TASK STATEMENT =
Below are some entries. Transcribe the lines from the one holding "Tucked between Ellijay" to the one holding "Clinique Beyond Perfecting", inclusive, but not the pictures among them.

Crawled caption data
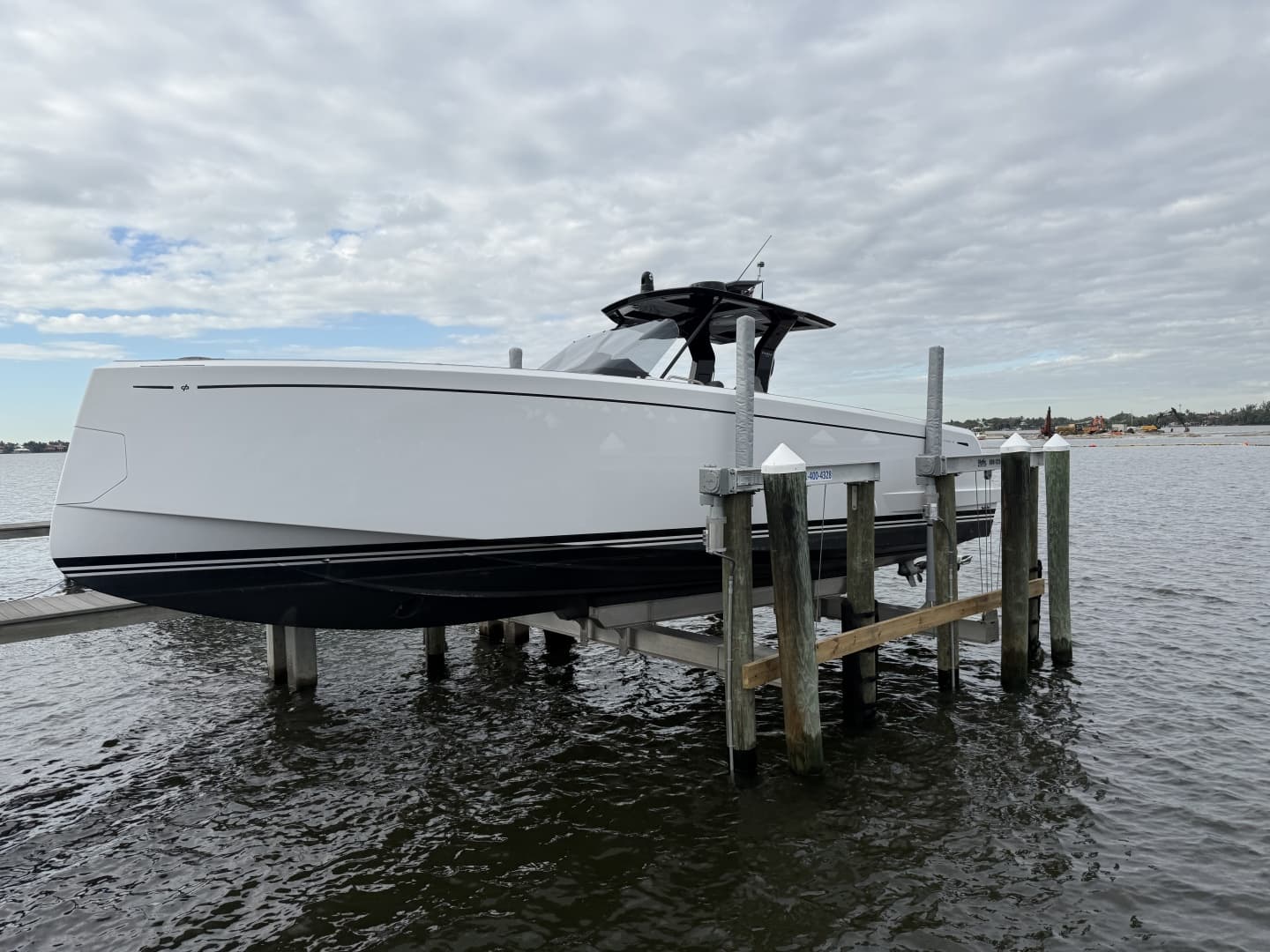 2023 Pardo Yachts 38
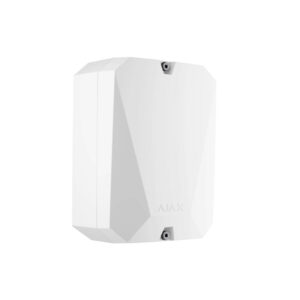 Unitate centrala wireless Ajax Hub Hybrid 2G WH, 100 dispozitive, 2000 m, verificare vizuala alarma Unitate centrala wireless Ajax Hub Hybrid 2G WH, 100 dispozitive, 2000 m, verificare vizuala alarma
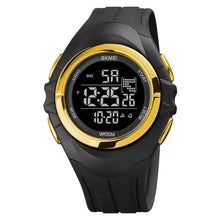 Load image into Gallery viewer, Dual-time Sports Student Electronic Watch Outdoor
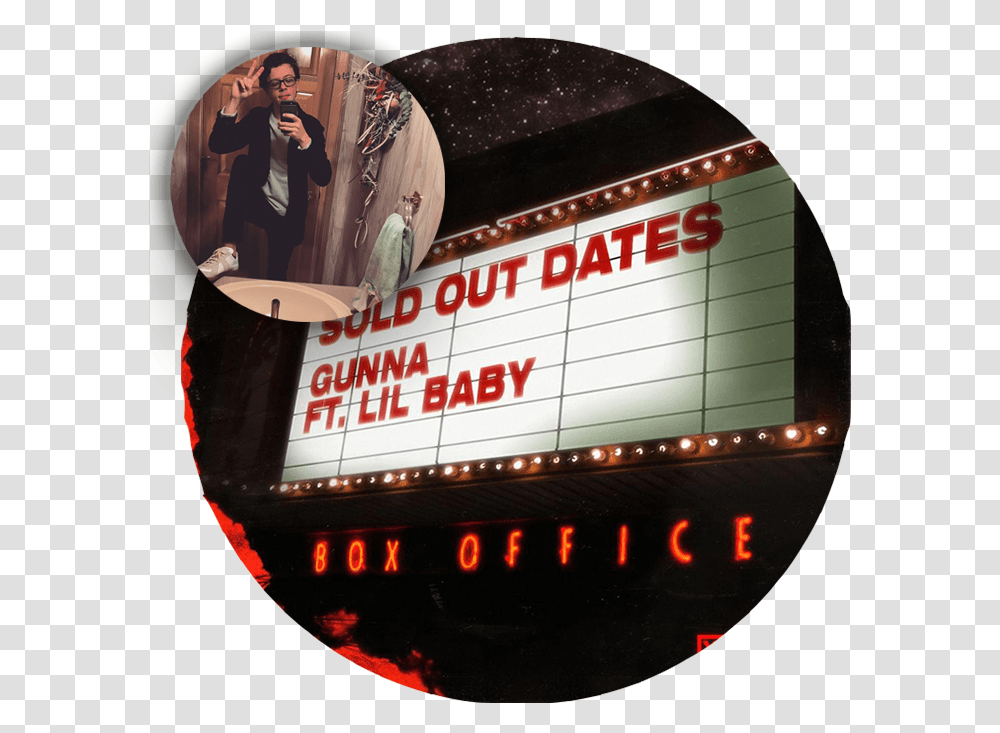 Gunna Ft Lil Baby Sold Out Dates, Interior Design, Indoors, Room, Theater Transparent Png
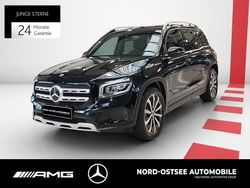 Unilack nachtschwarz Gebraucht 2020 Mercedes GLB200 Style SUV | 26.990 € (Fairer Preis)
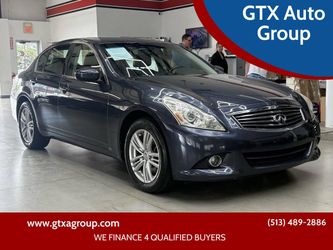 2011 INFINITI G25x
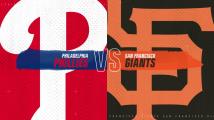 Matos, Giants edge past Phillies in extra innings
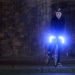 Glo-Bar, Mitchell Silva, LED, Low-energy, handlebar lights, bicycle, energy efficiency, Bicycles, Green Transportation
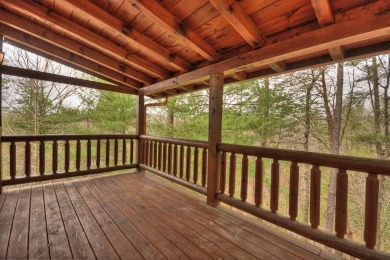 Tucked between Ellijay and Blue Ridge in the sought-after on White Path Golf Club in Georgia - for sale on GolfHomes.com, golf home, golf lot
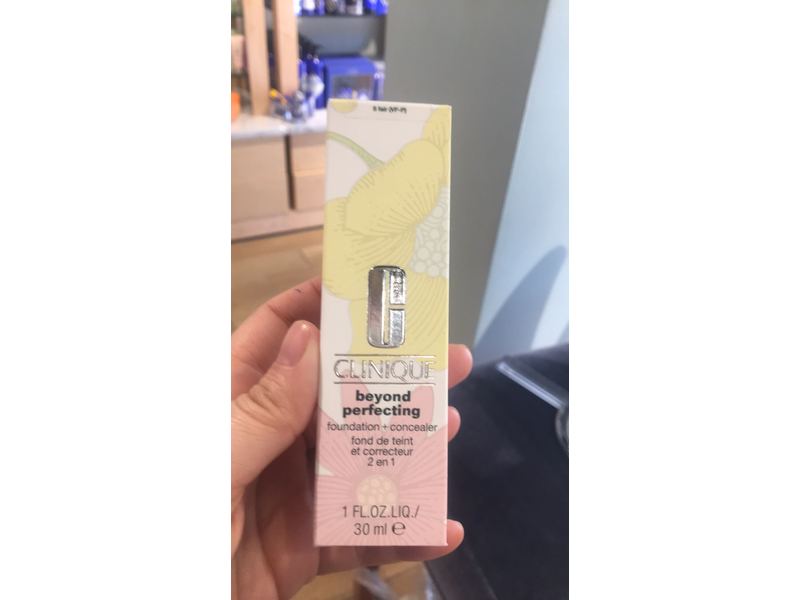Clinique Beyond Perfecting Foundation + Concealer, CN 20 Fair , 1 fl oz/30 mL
* * *
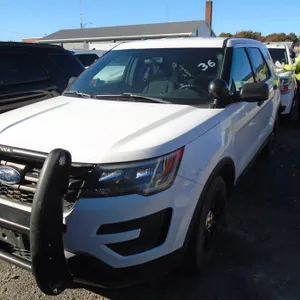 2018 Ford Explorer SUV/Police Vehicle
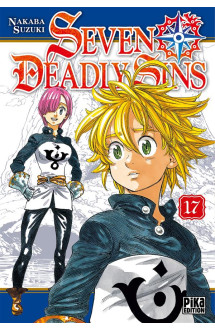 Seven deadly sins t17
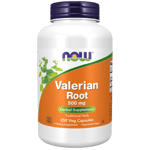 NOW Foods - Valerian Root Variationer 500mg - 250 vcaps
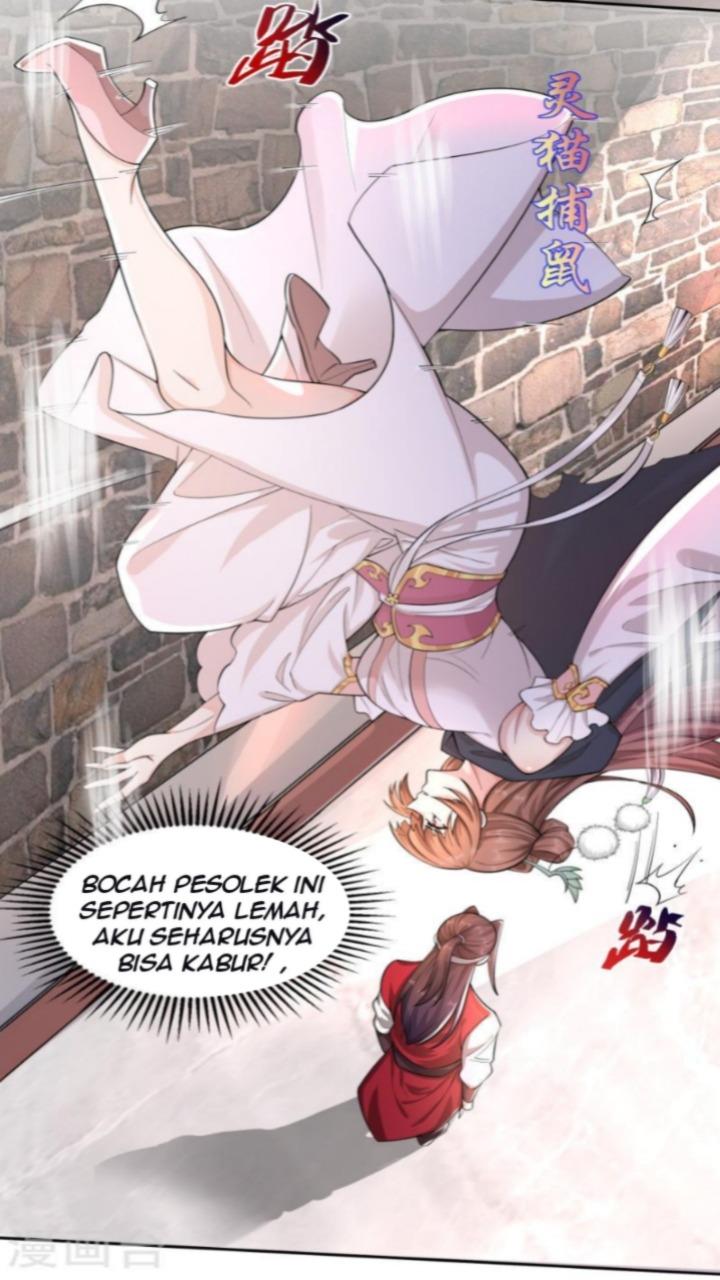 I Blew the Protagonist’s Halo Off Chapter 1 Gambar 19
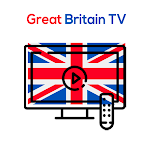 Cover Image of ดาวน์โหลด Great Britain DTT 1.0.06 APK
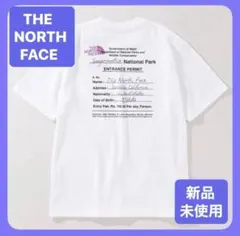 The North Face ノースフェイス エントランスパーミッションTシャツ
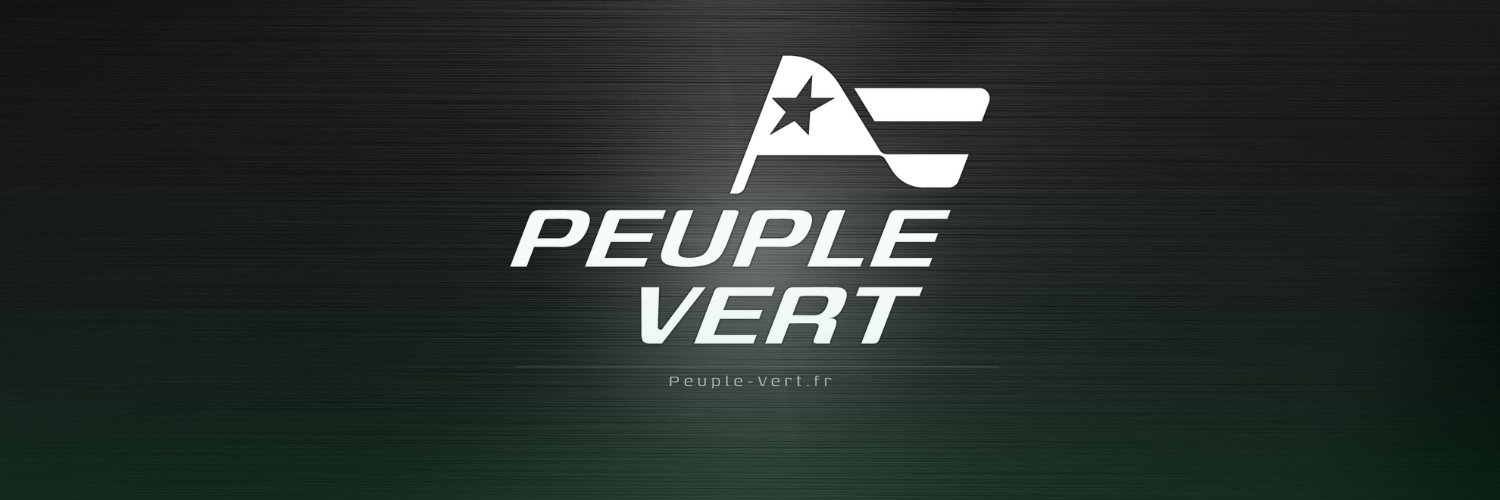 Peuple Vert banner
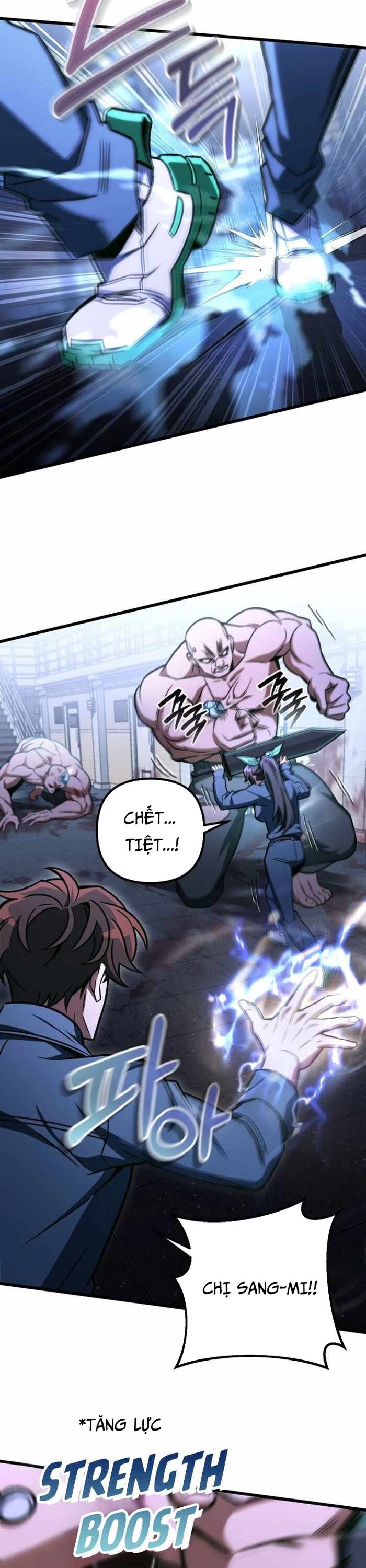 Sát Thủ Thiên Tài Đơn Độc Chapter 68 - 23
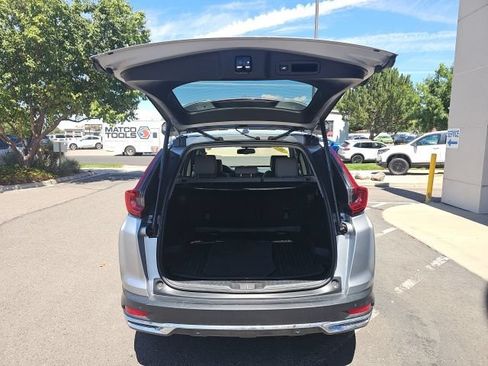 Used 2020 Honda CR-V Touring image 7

TASK RESULT =
 Tucked between Ellijay and Blue Ridge in the sought-after on White Path Golf Club in Georgia - for sale on GolfHomes.com, golf home, golf lot
Clinique Beyond Perfecting Foundation + Concealer, CN 20 Fair , 1 fl oz/30 mL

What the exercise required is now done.